In cases where a non-final order of a workers’ compensation judge has been issued, and a party feels that it will suffer substantial prejudice or irreparable harm the party has the option to file a Petition for Removal, which will be considered by the Appeals Board. Petitions for removal tend to be filed under circumstances where the party disagrees with a procedural ruling, such as a discovery-related question or an issue regarding the admissibility of evidence.

Additionally, the Appeals Board may have staff attorneys make appearances before Appellate Courts. The appearances generally involve writs of review taken from Appeals Board decisions, though they may also include other legal matters that involve the Workers’ Compensation Appeals Board. The Appeals Board also has the jurisdiction to act consider contempt and disciplinary matters of parties who appear before them. 

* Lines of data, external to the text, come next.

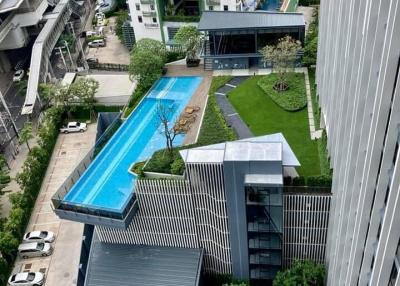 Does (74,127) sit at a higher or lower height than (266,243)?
lower

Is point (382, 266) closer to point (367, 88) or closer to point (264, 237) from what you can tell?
point (367, 88)

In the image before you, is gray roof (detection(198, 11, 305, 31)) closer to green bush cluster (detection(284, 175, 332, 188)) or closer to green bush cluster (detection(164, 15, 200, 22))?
green bush cluster (detection(164, 15, 200, 22))

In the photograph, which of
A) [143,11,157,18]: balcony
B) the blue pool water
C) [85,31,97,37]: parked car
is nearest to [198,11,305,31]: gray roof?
the blue pool water

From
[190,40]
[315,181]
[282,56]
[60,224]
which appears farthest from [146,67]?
[315,181]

The California Workers’ Compensation Appeals Board also issues en banc decisions, which have been given to the Appeals Board to rule on in order to achieve uniformity of decision or in cases that involve novel issues. The Commissioners may also identify cases that address new or recurring issues, called Significant Panel Decisions, which are then ruled on by the Appeals Board. Finally, the Appeals Board also is involved in cases where writs of review have been granted by the district courts of appeal and the Supreme Court.

If you have questions regarding the California Workers’ Compensation Appeals Board or you want to know how the Appeals Board may become involved in your case, contact the attorneys at Kneisler and Schondel today (707) 542-5132 or fill out our online contact form. Our office can help you with any California workers’ compensation needs.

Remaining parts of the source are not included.